Formado a contrapié del 155, el gobierno catalán vive en carne propia el dilema de un electorado que reclama unidad e impone esquizofrenia. Al presidente Torra, por un lado le piden materializar la república, y por otro le reprochan la radicalidad verbal. Él pone más voluntad que sus críticos, pero aun así su indigencia política impresiona. Gobernar sin poder tiene eso. Pero en política suenan las horas que dicta la esfera, y si las manecillas no avanzan no es que el reloj haya detenido sino que van hacia atrás. En las condiciones actuales, el anuncio de una ‘propuesta democrática basada en el derecho irrenunciable a la autodeterminación’ para cuando condenen los presos tiene todo el aspecto de un brindis al sol. La independencia no es ninguna entelequia. O es un objetivo con todos los pormenores o no es nada. Y no puede depender nunca de una decisión del Estado. El independentismo fue imparable mientras era inventivo y llevaba la iniciativa. Desde que es reactivo pierde fuelle.
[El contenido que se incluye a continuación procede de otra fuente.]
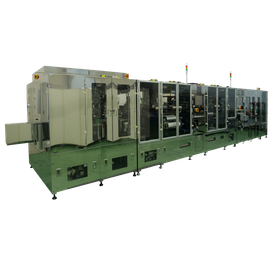 基板対応インラインシステムBM-2100SI Plus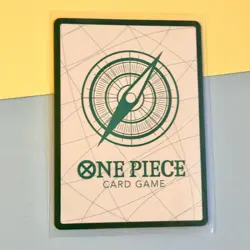 DON Card Tony Tony Chopper [PROMO] Saikyo Jump 5/2025 ONE PIECE Card Japanese NM - Image 2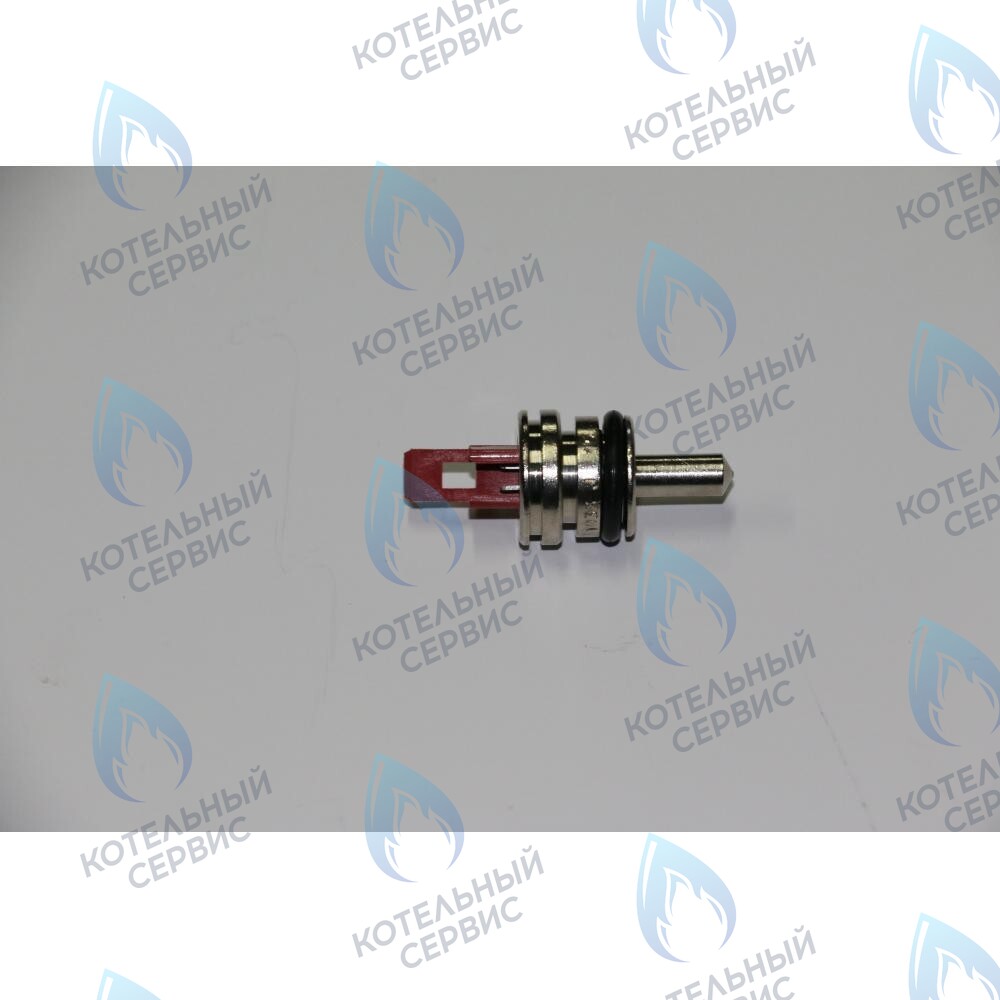 721309400 Датчик температуры ГВС NTC (погружной, клипса) BAXI ECO (Compact, 4s, 5 Compact) FOURTECH (артикул 721309400, 710056200)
¿Qué credibilidad merecería ahora repetir una proclamación que ya cayó bajo la primera embestida del Estado? ¿De qué serviría volver a recorrer el camino ya pasado? Especialmente ahora que muchos de los actores han hecho gestos que equivalen a una retractación. España pagará el precio que sea necesario para sujetar a Cataluña y el cebo del referéndum pactado sólo engaña a los besugos. Presentado en estos términos, el conflicto es un agujero negro que chupa incluso la luz. Para ver, es urgente salir del mismo. La solución requiere la multilateralidad y esto hace imprescindible involucrar a más actores. Cataluña es una molestia para Europa y ante una molestia se reacciona por lo pronto despreciándola, confiando en que pase. Pero con el pacto de no intervención, la Unión Europea sólo ha conseguido alentar al estado a la arbitrariedad represiva, con riesgo de que la Unión misma termine devorada por el autoritarismo.
Para salir del callejón sin salida, Cataluña debería convertirse en un dolor de cabeza para Europa, forzándola a una decisión existencial. Y eso, más que una política de distensión, aconseja profundizar la contradicción entre legalidad y legitimidad democrática. Sobre todo, pide tener manos libres en Europa, instalando en ella el motor de la ruptura con España. Hacerlo efectivo exigiría que los partidos independentistas sin excepción trasladaran la estrategia nacional al Consejo de la República, desvinculándola del combate de proximidad entre ellos y liberándola del acoso de la judicatura española. Sería ingenuo esperar que los partidos lo hicieran con agrado, abocados como están en la lucha por el reparto de sillas y enfrentados en un rencoroso ‘nosotros y ellos’. Pero los electores saben la manera de reconducirlo. Basta con que también sepan hacia dónde quieren ir.